Visita oficial do Papa ao presidente da República italiana
CIDADE DO VATICANO, (ZENIT.org).- A Igreja e o Estado estão «dispostos a cooperar» para «promover e servir o bem integral da pessoa humana», afirmou Bento XVI no dia 4 de outubro, no Palácio do Quirinale, ao realizar uma visita oficial ao presidente da República italiana, Giorgio Napolitano.

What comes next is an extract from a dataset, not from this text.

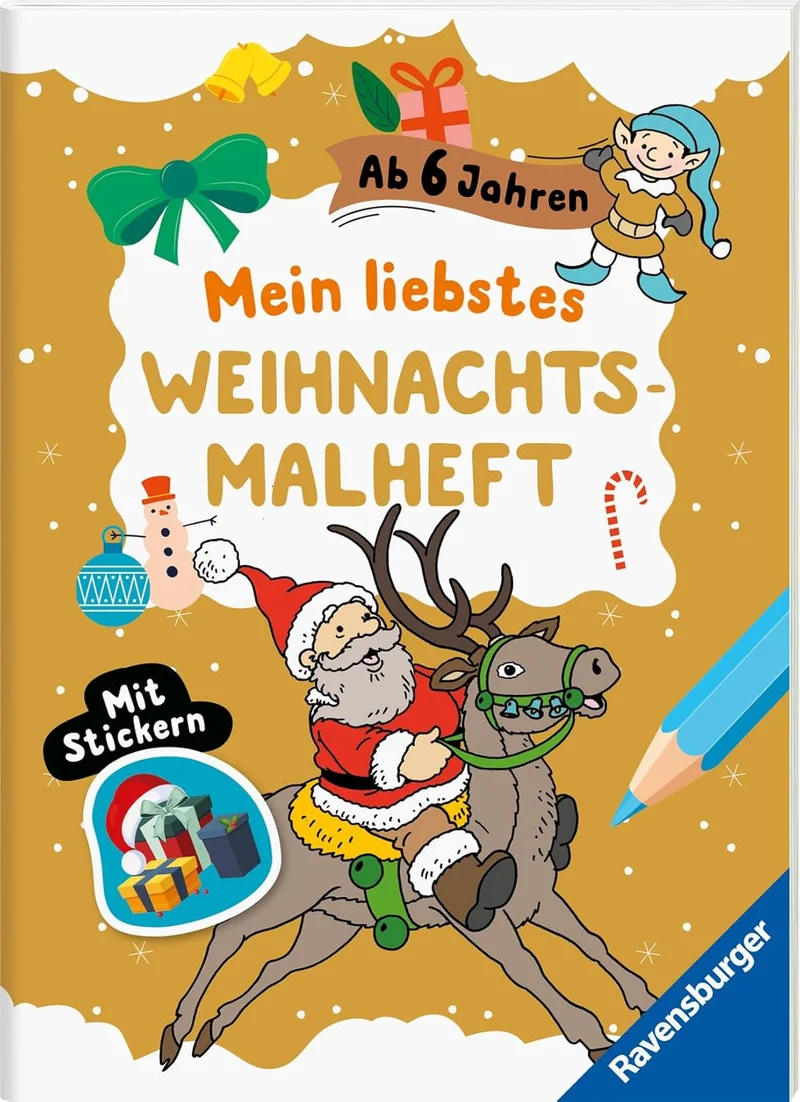 Weihnachtsmalheft ab 6 - 24 Motive & Sticker | Ravensburger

O Papa chegou acompanhado de numerosas personalidades, entre elas, os cardeais Tarcisio Bertone, secretário de Estado; Giovanni Lajolo, presidente do Governo do Estado da Cidade do Vaticano; Angelo Bagnasco, presidente da Conferência Episcopal Italiana; Agostinio Vallini, vigário geral para a Diocese de Roma; Dom Fernando Filoni, substituto da Secretaria de Estado; e Dom Giuseppe Bertello, núncio apostólico na Itália.
A visita, explicou Bento XVI, «não é só um ato que se inscreve no contexto das múltiplas relações entre a Santa Sé e a Itália, mas assume, poderíamos dizer, um valor muito mais profundo e simbólico».

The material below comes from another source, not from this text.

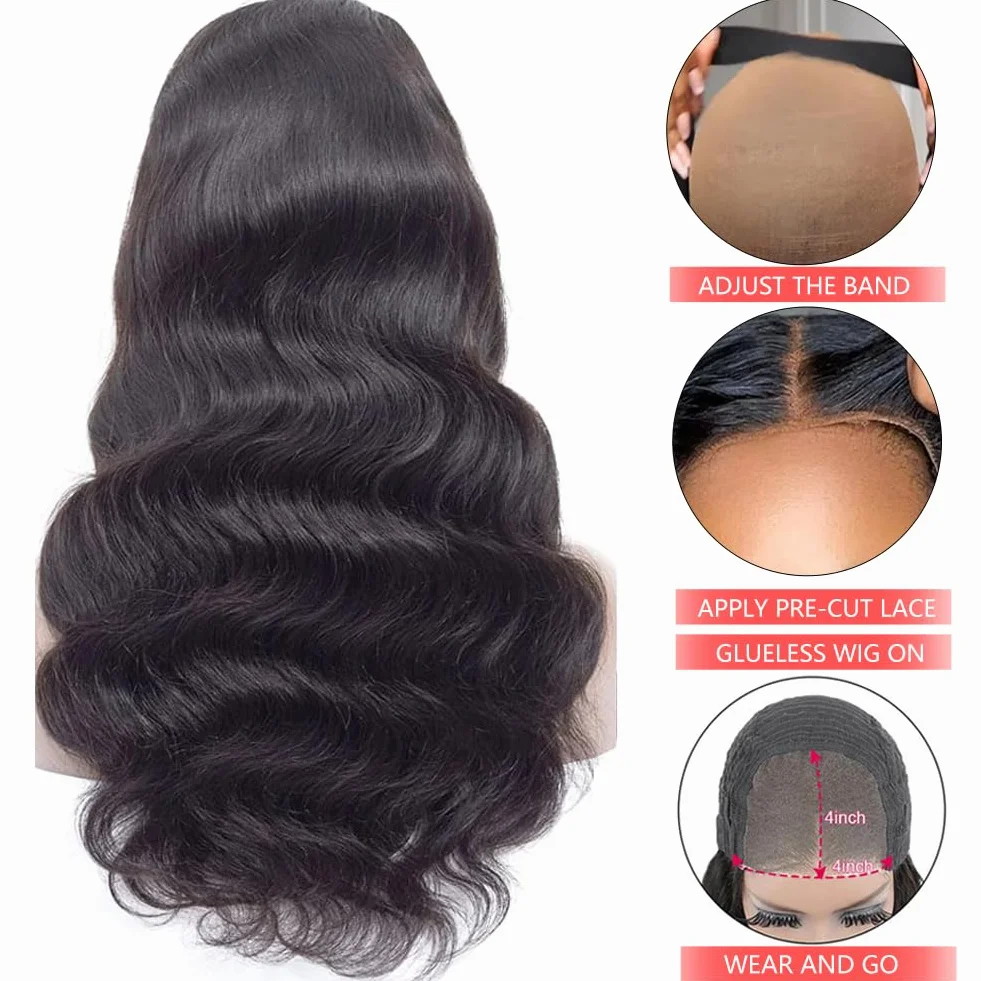 Wear and Go Glueless Wigs Human Hair 4x4 HD Lace Front Pre Cut Body Wave Natural Hairline 180 Density 14 inch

Após momentos de tensão como a chamada «questão romana» – resolvida com a assinatura dos Pactos de Latrão em 11 de fevereiro de 1929 –, acrescentou o Papa, hoje se pode «afirmar com satisfação que na cidade de Roma convivem pacificamente e colaboram frutiferamente o Estado Italiano e a Sé Apostólica».

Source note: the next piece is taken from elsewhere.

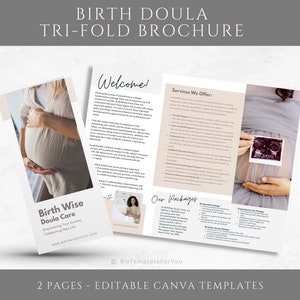 Doula Rack Card Examples Editable Birth Doula Tri-fold Brochure Template, Doula Business ...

Esta visita pretende, portanto, «confirmar que o Quirinale e o Vaticano não são colinas que se ignoram ou se enfrentam rancorosamente; são lugares que simbolizam o respeito mútuo da soberania do Estado e da Igreja, prontos para cooperar para promover e servir o bem integral da pessoa humana e o pacífico desenvolvimento da convivência social».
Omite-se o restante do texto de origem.